→ Exercise
What you write must match, character for character, the lines from the one with "Carro Buggy Jeep" down to the one with "Vertbaudet - body rose - 3 mois" in the listing below, minus its pictures.

══ Data excerpts

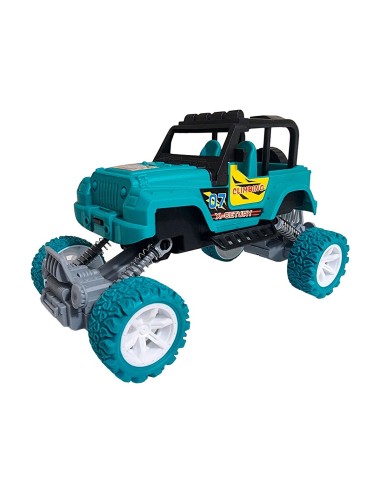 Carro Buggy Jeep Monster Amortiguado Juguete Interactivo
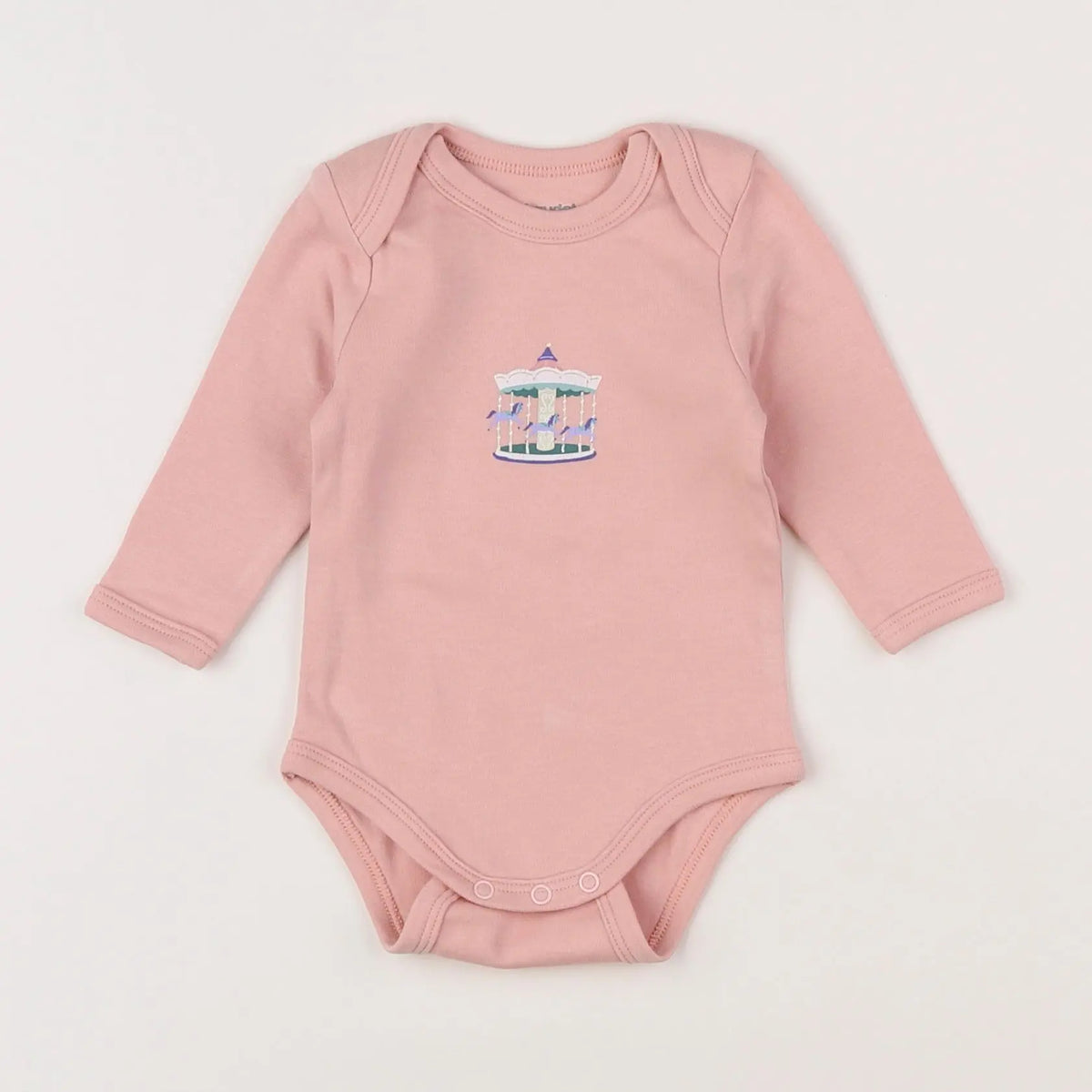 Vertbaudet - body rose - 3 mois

════
══ Data excerpts

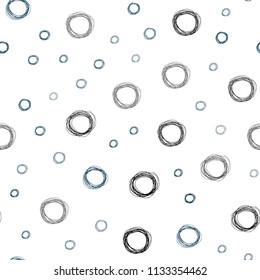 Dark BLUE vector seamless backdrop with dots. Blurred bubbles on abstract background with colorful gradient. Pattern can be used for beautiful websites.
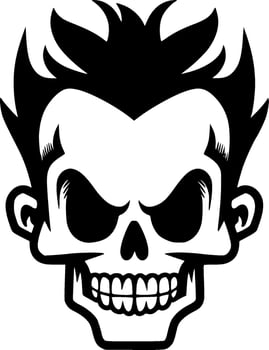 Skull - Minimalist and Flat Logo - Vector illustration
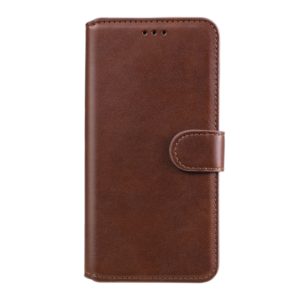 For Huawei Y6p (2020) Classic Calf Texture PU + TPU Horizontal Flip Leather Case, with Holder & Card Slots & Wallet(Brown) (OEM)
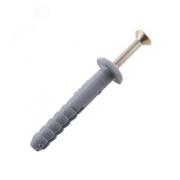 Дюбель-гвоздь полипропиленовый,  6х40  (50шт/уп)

════
══ Data excerpts

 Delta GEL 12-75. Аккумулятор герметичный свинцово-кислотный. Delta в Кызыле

════

→ The completed task
 Carro Buggy Jeep Monster Amortiguado Juguete Interactivo
 Vertbaudet - body rose - 3 mois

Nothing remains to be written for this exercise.